Senator Inhofe: "And, Senator Warner, don't you think we ought to develop our own resources?"

Senator Warner: "Absolutely, and if I might inject, there has been a lot of discussion here this morning about nuclear power. I was privileged to be a part of a navy where we had over a hundred platforms operating safely, as they have been throughout almost the entire history of the naval reactor program. We ought to draw on that technology, as the senator from Tennessee said, and put together a strong package as a part of any legislation to help the nuclear industry come back again to strength it once was in this country. And it seems to me you have to package that with also greater access to this 80%, and when you get down to legislating, colleagues, you know it's those types of packages that will balance off the cap and trade which is so intensely felt on part of this hearing room, as well as the energy sources of nuclear and drilling on the other side. And it's that type of package you've got to put together Madame Chairman to get this bill through. You're at a fork in the road right now as to whether or not Congress is going to lay down the road map for this country, or we're going to just rely on the executive branch and the inherent power of the agencies and departments."

Further excerpts from written testimony of Maj. Gen. (Ret.) Robert Scales

"There is no scientific evidence that suggests that wars will be propelled and sustained by any power source other than fossil fuels. During the late nineties I created and superintended the "Army After Next" series of strategic war games. These games are still being conducted as the "Unified Quest" strategic games at the Army War College. In virtually every game we asked scientists from think tanks, the government and academia to offer evidence that fossil fuels will be replaced by other sources of power such as hydrogen, nuclear and electricity. During these and many subsequent games and studies, in spite of assiduous efforts to postulate alternatives, so far none have been found. The reasons are simple, consistent and unambiguous: we win wars by producing fighting machines more capable than the enemy's. Dominance in machine warfare on the land, sea and in the air requires fuels that generate the greatest combustion and heat from the smallest volume. Only fuels derived from petroleum will be capable of propelling aircraft, most ships and ground vehicles on and over battlefields where performance is measured by how efficiently fuels can be transferred into energy."

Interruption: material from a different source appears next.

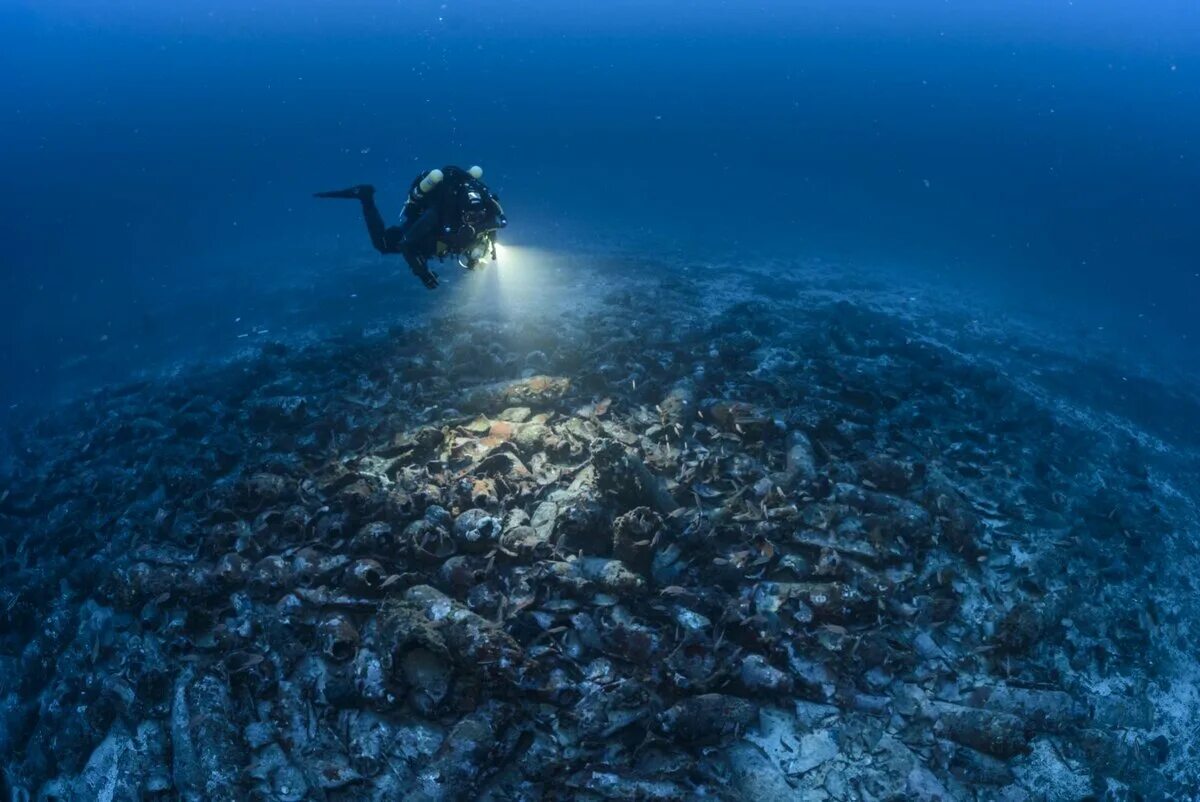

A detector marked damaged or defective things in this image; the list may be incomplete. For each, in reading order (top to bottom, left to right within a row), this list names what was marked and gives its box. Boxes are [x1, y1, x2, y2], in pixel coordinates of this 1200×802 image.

broken pottery shard [171, 667, 241, 797]
broken pottery shard [657, 691, 758, 744]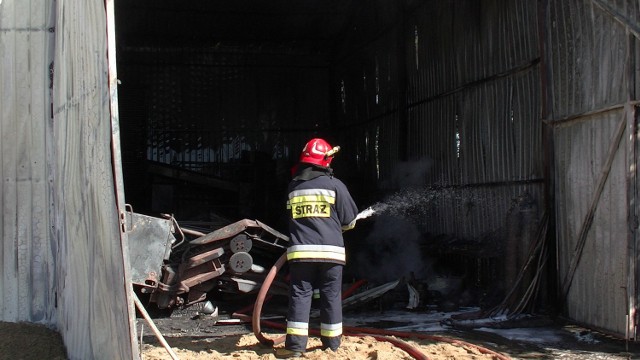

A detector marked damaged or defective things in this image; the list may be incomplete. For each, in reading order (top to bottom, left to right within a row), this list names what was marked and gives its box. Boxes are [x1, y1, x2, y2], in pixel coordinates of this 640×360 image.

"To be sure the United States will gain substantial advantage on future battlefields by exploiting its superior information technology. Such an advantage will be sustained with a relatively low fuel cost. But industrial age machines must still be produced in large numbers to win against a large scale competitor. Ships, vehicles, guns and aircraft will continue to be made predominately from steel, aluminum, rubber and titanium. Ammunition and missiles will continue to require nitrates for explosives. An all of these machines and the materiel to support them must be transported to the theater of war and across and over the battlefield with fossil fueled engines."

"If the forecasts are correct this bill will, over the decades, slowly diminish the ability to produce fossil fuels in the strategic confines of American territory. According to one study American refining capacity could plummet because the cost of doing business would soar. Production at U S refineries would drop while production in counties that do not limit green house emissions would rise. We will have no assurance that off shore refining would take place in regions secure from foreign power influence. According to this study the United States would have to increase its petroleum imports by one fifth by 2030 as our domestic production would plummet by as much as 25%. Should we suffer such consequences the ability of the United States to surge its wartime energy production might well be held hostage to foreign interference and, sadly, our young men and women might well find themselves permanently stationed in areas of great danger and volatility in order to secure American access to foreign oil."